Dallo scrigno-Dolomiti un’altra “perla” scientifica

Le Dolomiti sono un immenso scrigno che regala giorno dopo giorno nuove preziose scoperte scientifiche. Un’università a cielo aperto per i geologi, una riserva inesauribile di conoscenze per paleozoologi e paleobotanici. Come Evelyn Kustatscher e Hendrik Nowak, del Museo di Scienze Naturali di Bolzano ed Elke Schneebeli-Hermann, dell’Università di Zurigo, che hanno recentemente pubblicato su Nature Communications i risultati della loro ricerca sull’estinzione di massa avvenuta 252 milioni di anni fa, nel periodo Permiano-Triassico (No mass extinction for land plants at the Permian-Triassic transition). Uno studio che ha consentito di scoprire che l’espressione “di massa” può rimanere valida solo se ci si riferisce agli animali. Perché le piante, sostanzialmente, non ne risentirono.

Dalle Dolomiti all’Antartide

I ricercatori altoatesini hanno messo i loro passi sulle tracce lasciate dal tempo nelle gole e lungo i crinali dolomitici: da Cortina all’Osttirol, dalle Valli Ladine alla Carinzia, dalle Dolomiti Friulane al Passo San Pellegrino e al Bletterbach. Ai dati raccolti in Dolomiti si sono aggiunti quelli provenienti da ogni parte del mondo, dall’Antartide alla Russia e alla Cina.

L’analisi di ben 34.000 record di spore e pollini e oltre 8.000 record di piante terrestri fossili del Permiano-Triassico, unita allo studio della letteratura esistente e delle varie collezioni, ha consentito di giungere a una conclusione sorprendente: laddove ci si sarebbe potuti aspettare una netta discontinuità nel numero di generi o famiglie sopravvissuti, si notava invece una contrazione di meno del venti per cento (a fronte del cinquanta ipotizzato dai precedenti studi).

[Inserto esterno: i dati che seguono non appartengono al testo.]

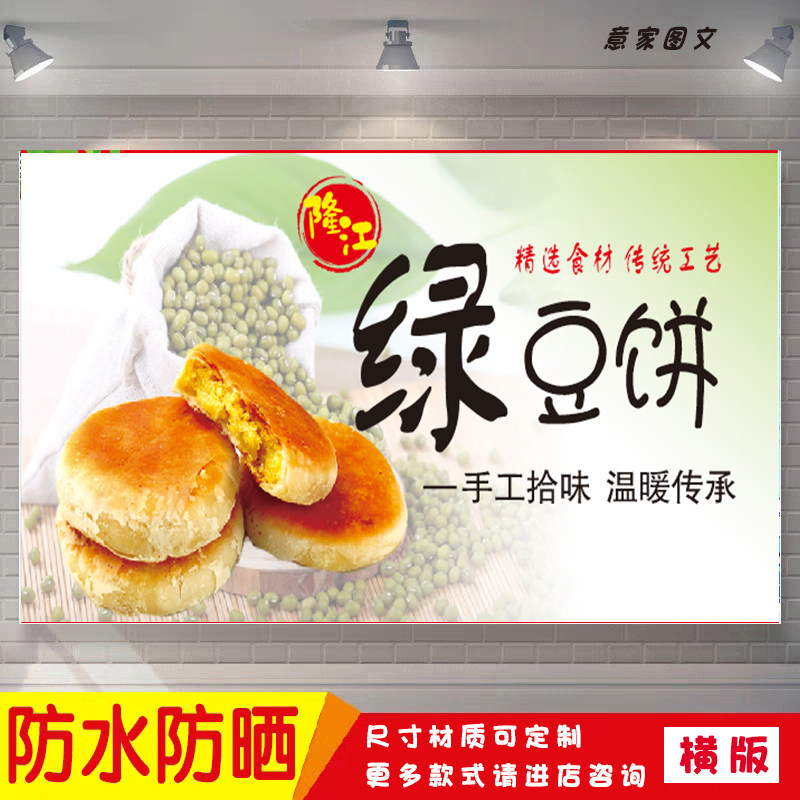 隆江绿豆饼精选食材传统工艺海报定制贴纸广告招牌防水防晒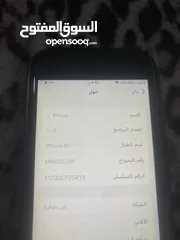  3 ايفون 6 s بحالة الوكالة مغير بطاريه اصليه وبصمه وكاله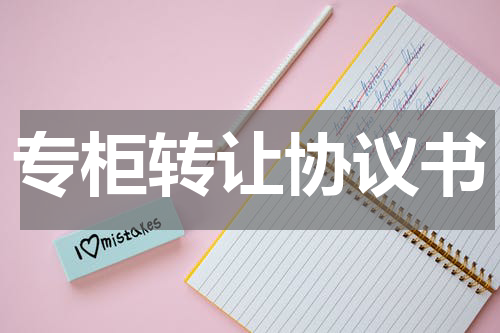 专柜转让协议书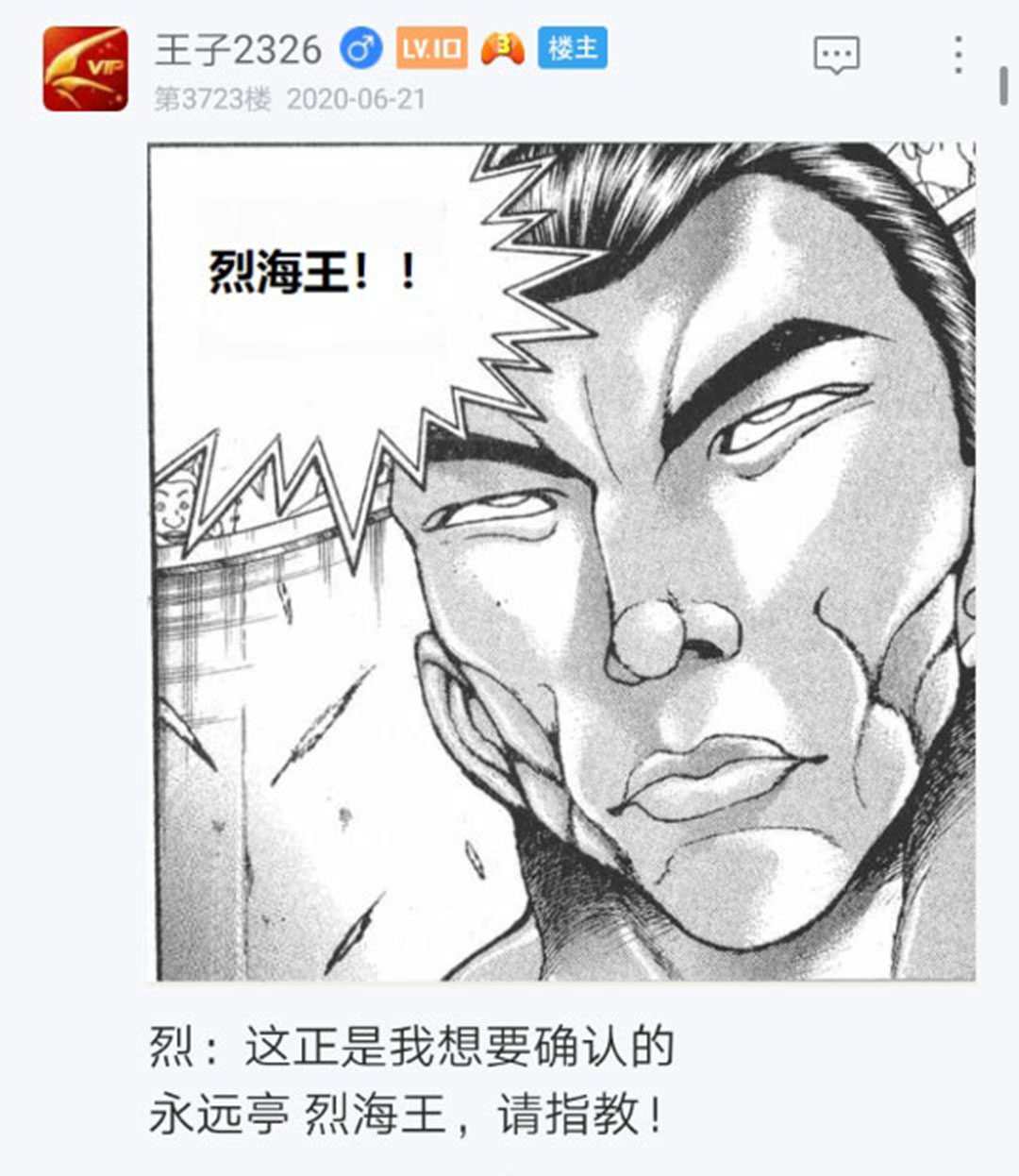 《烈海王似乎打算在幻想乡挑战强者们的样子》漫画最新章节第22回免费下拉式在线观看章节第【65】张图片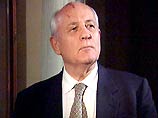 Михаил Горбачев Михаил Горбачев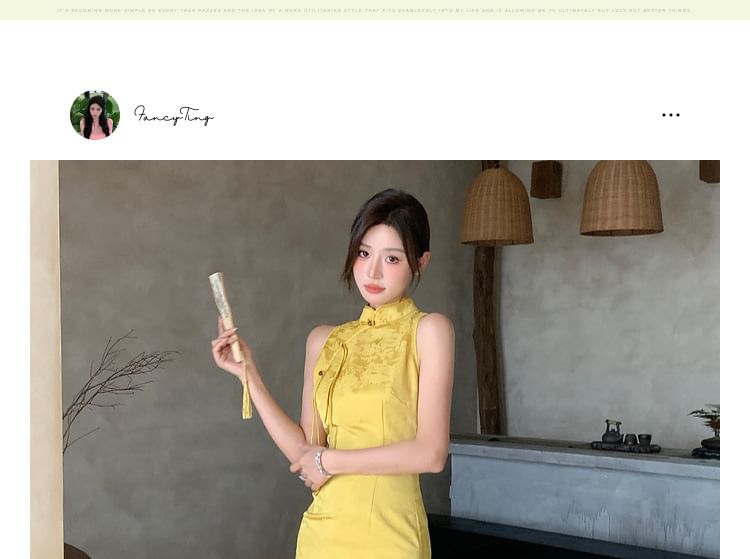 Sleeveless Jacquard Slit Midi Qipao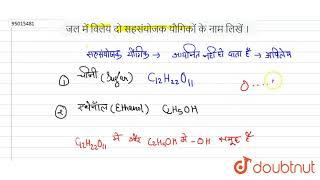 जल में विलेय दो सहसंयोजक यौगिकों के नाम लिखें ।  | 10 | धातु एवं अधातु  | CHEMISTRY | BHARATI BH...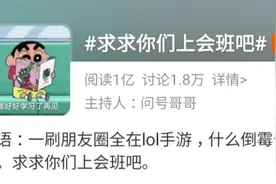 小长假过后，情侣们都分手了？图片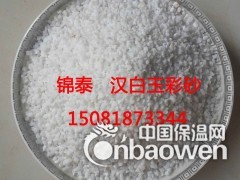 路苗铺设专用五彩石砂 制造地板砖专用砂 白色砂粒图3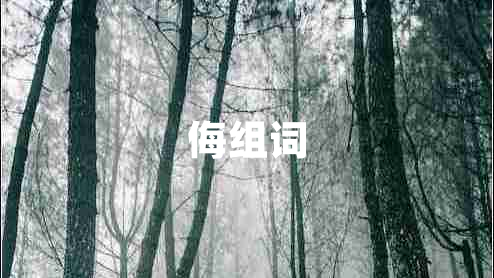 侮組詞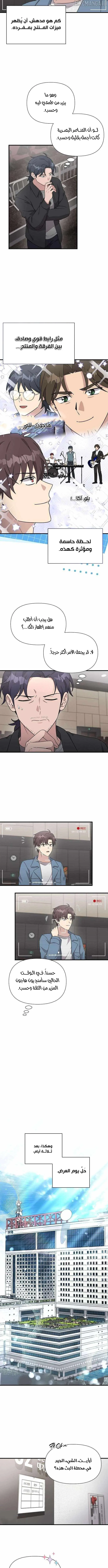 Read My Younger Sister Was a Genius AR Manga Online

Quando cambia il paradigma

La comunità scientifica ha subito reagito con grande interesse alla scoperta: si tratta infatti di una di quelle svolte capaci di cambiare il paradigma con cui vengono interpretati fenomeni epocali come l’estinzione di massa, che ha inciso in modo netto sulla fauna, in particolare quella marina. Naturalmente è possibile notare delle profonde differenze tra le varie aree geografiche analizzate: se nella zona dolomitica è riscontrabile un’incidenza maggiore dell’estinzione, non altrettanto si può dire di Cina o Sudafrica, dove si sono verificate condizioni più favorevoli alla sopravvivenza.

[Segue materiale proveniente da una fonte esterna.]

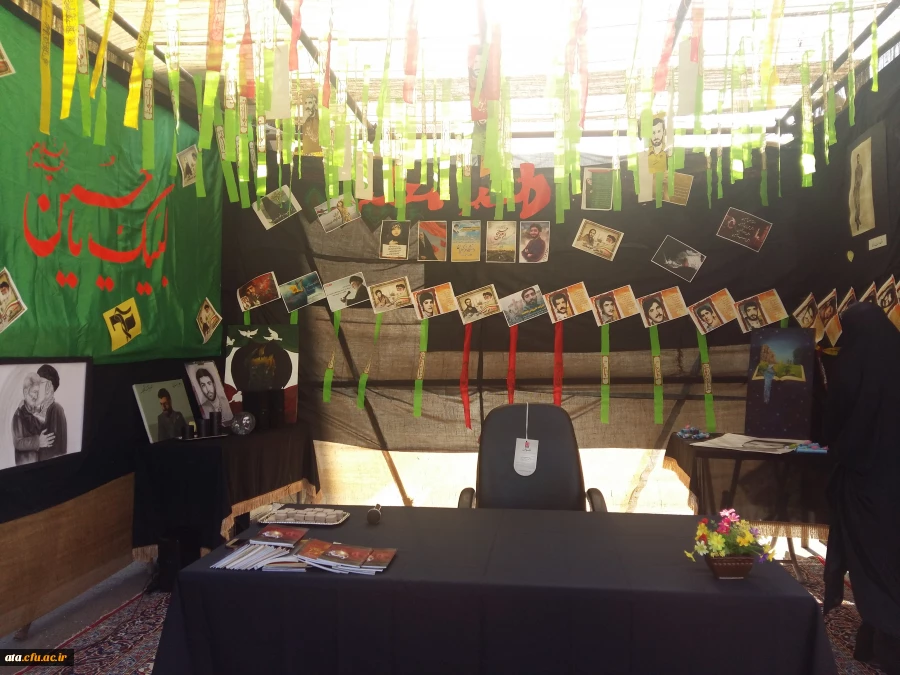 برگزاری مراسم عزاداری سرور و سالار شهیدان حضرت اباعبدالله الحسین (ع) در پردیس علامه طباطبایی ارومیه 2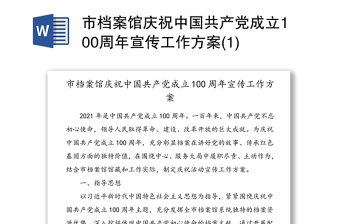 市档案馆庆祝中国共产党成立100周年宣传工作方案(1)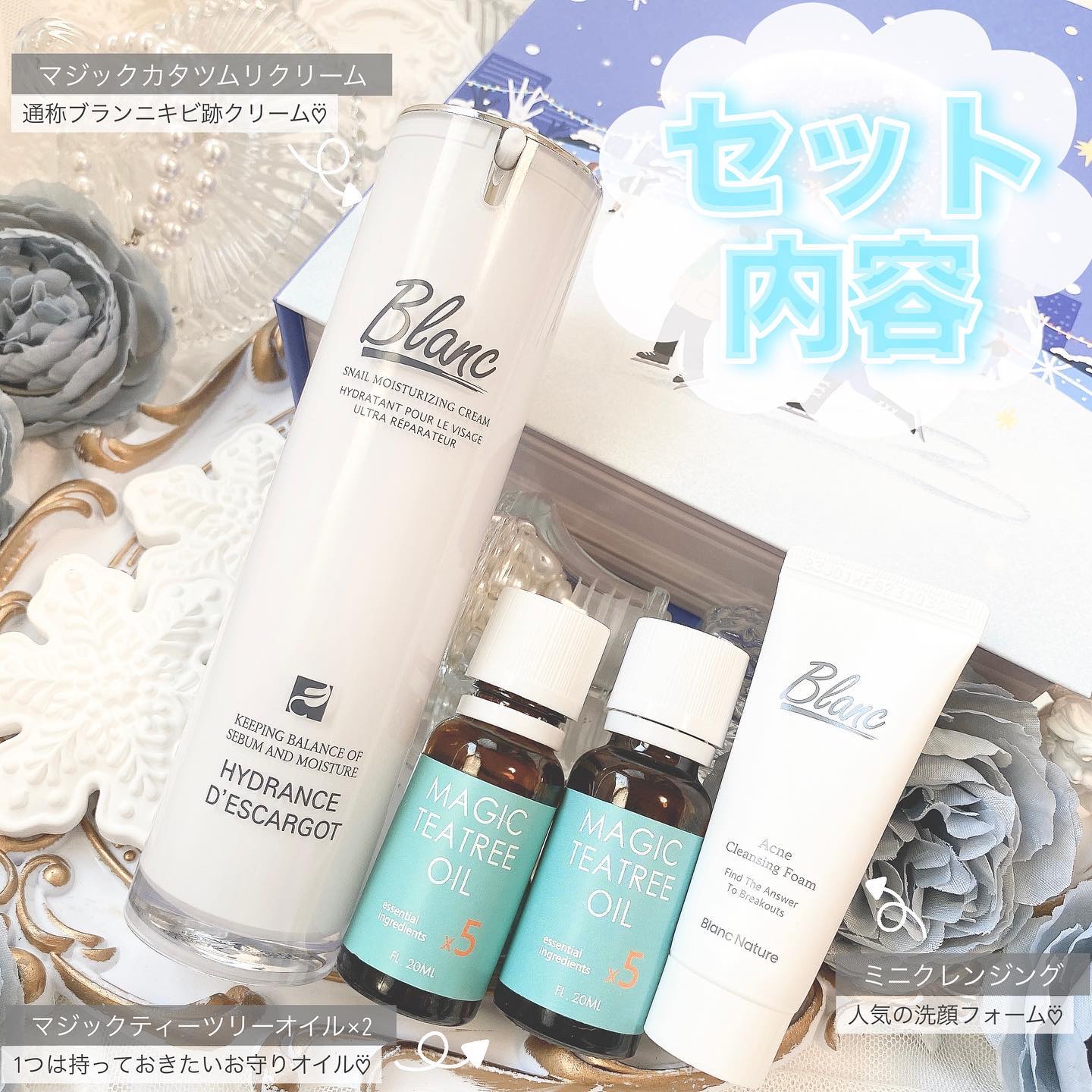 マジックトラブル洗顔/ブラン/洗顔フォームを使ったクチコミ（2枚目）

Uno degli sviluppi futuri dello studio, nato da un progetto di ricerca dell’Euregio che ha coinvolto il Muse di Trento, il Museo di Bolzano e l’Università di Innsbruck, sarà proprio quello di capire più a fondo i risultati osservati tra le Dolomiti, che continuano dunque a rappresentare per gli studiosi un laboratorio scientifico a cielo aperto.

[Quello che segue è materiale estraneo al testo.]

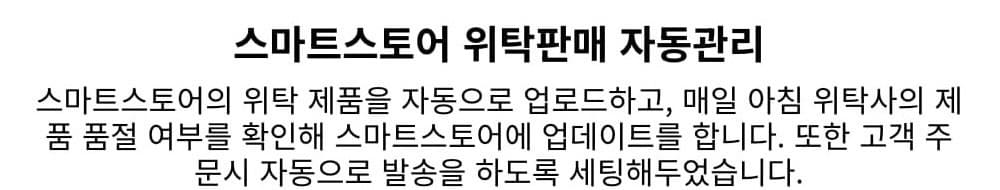 세미나 이미지 9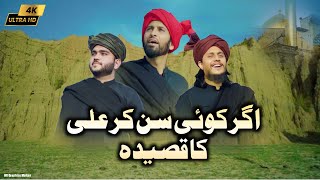 Agar Koi Sun Ker Ali Ka Qaseeda Official Track  New Supper Hit Manqabat Mola Ali  Sultan Ateeq [upl. by Helm]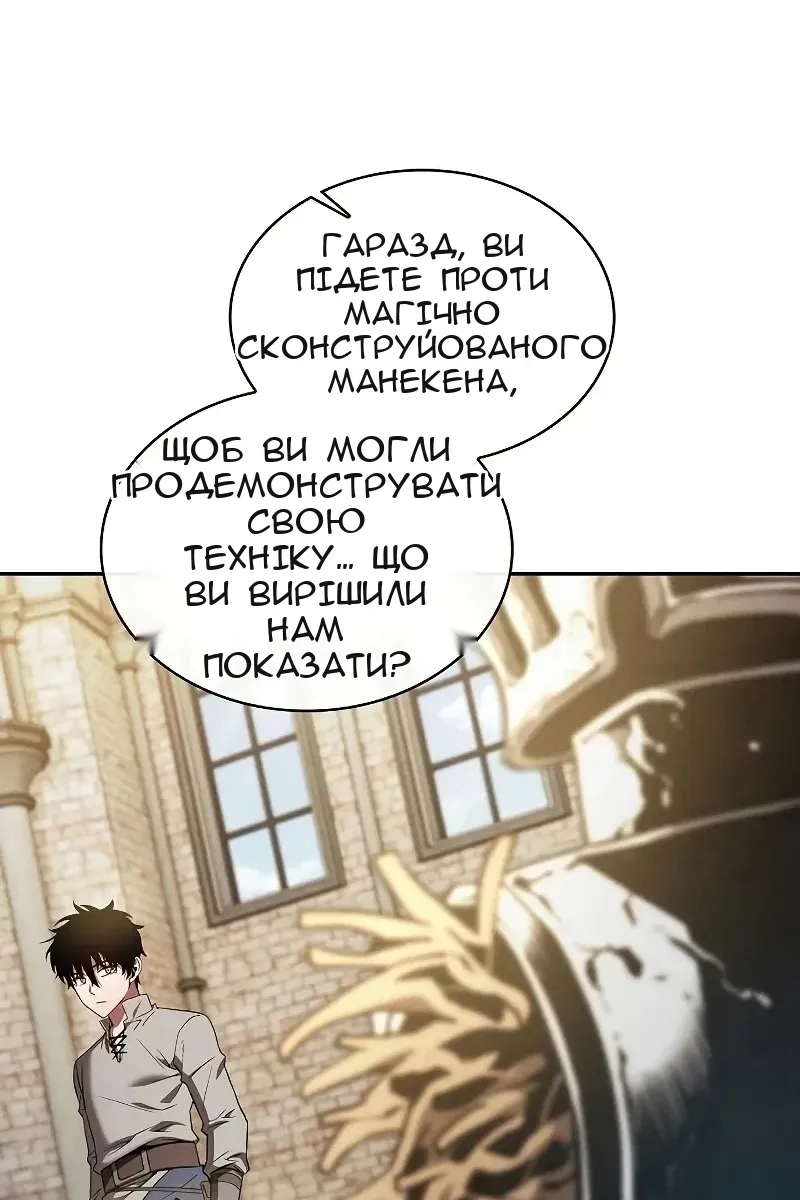 Сторінка 103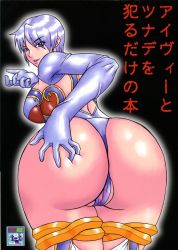  artist_request ass blue_eyes huge_ass isabella_valentine namco soul_calibur soulcalibur_iii tagme white_hair  rating:Questionable score:26 user:TheUndertaker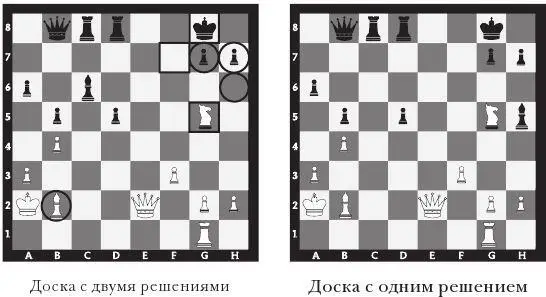 Два положения на доске доска с двумя решениями слева и с одним решением - фото 14
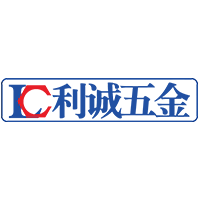 利诚五金工厂直销店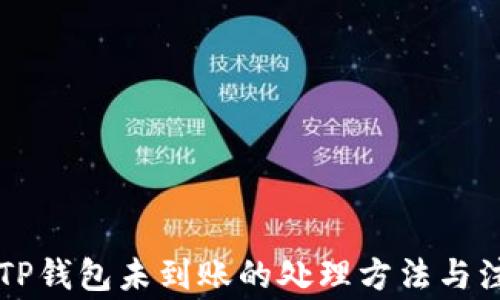 
转账到TP钱包未到账的处理方法与注意事项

“Anche se le Dolomiti sono state studiate da oltre 200 anni da scienziati di tutto il mondo”, sottilinea la ricercatrice Evelyn Kustatscher, “è sorprendente notare quanti segreti nascondano. È impressionante quante scoperte si possano ancora realizzare studiando i loro fossili e quanto siano importanti per capire non solo l’origine delle Dolomiti ma l’evoluzione della storia della terra.”